Some questions you should keep in mind and answer in the book review:
What is the specific topic of the book or article? What overall purpose does it seem to have? For what readership is it written? (The preface, acknowledgements, bibliography and index can be helpful in answering these questions. Don’t overlook facts about the author’s background and the circumstances of the book’s creation and publication.)
Does the author state an explicit thesis? Does he or she noticeably have an axe to grind? What are the theoretical assumptions? Are they discussed explicitly? (Again, look for statements in the preface, etc. and follow them up in the rest of the work.)
What exactly does the work contribute to the overall topic of your course? What general problems and concepts in your discipline and course does it engage with?

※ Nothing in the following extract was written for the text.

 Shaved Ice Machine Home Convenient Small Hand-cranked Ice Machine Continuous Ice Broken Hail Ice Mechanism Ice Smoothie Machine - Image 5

What kinds of material does the work present (e.g. primary documents or secondary material, literary analysis, personal observation, quantitative data, biographical or historical accounts)?

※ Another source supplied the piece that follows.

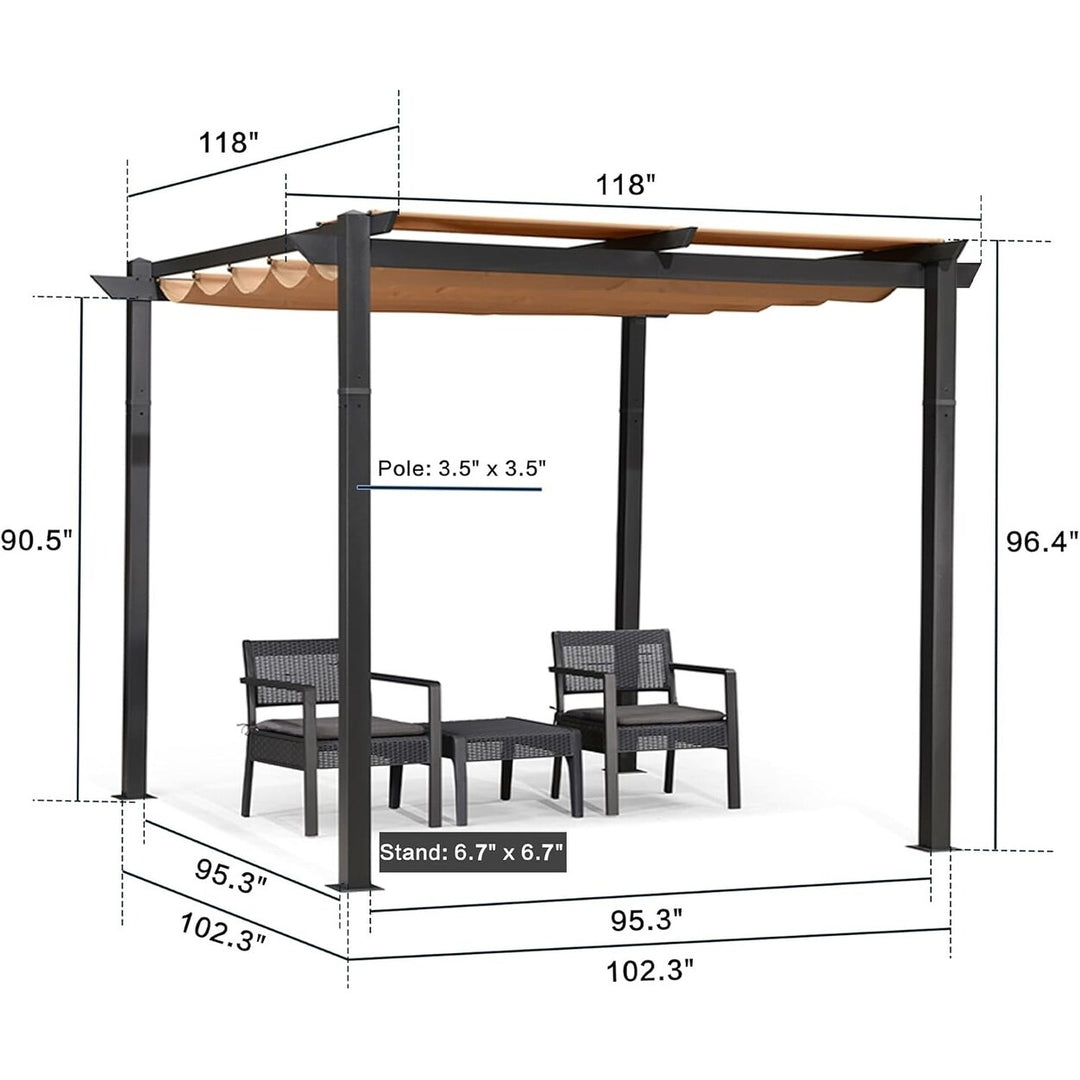 Gazebo Outdoor Retractable White Heavy-Duty Aluminum Pergola with Extra Top Roof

How is this material used to demonstrate and argue the thesis? (As well as indicating the overall structure of the work, your review could quote or summarize specific passages to show the characteristics of the author’s presentation, including writing style and tone.)
Are there alternative ways of arguing from the same material? Does the author show awareness of them? In what respects does the author agree or disagree?
What theoretical issues and topics for further discussion does the work raise?
What are your own reactions and considered opinions regarding the work?
Course description
Through the latest thinking in International Politics, International Political Economy and Security Studies, this seminar endeavors to enhance participants’ understanding of domestic politics of the states of the global South and how the internal political dynamics shape their foreign policy behavior and orientations. In the first term, the course will look at the role of the Global South in international politics by analyzing the changing nature of North-South relations since their access to independence to the present. It will critically examine the nature of these complex relations including, but not limited to, dependency and interdependence, the role of "emerging economies" and the extent to which they affect both North-South and South-South cooperation and relations. As part of that, it will look at trade and investment patterns, foreign aid, debt, global poverty alleviation strategies as well as the impact of globalization on the unity and bargaining power of the global South. It will also highlight specific regimes such as democracy and human rights, environmental treaties and protocols, infectious diseases, etc., around which these relations revolve.
In the second term, this offering will mainly focus on the issues of peace and security in the Global south by carefully examining the origins and escalation of numerous civil wars and their consequences, the role of the international community and regional powers in preventing, managing or exacerbating them as well as human security and peace-building in war torn societies and failed/failing states from broader theoretical and comparative perspectives.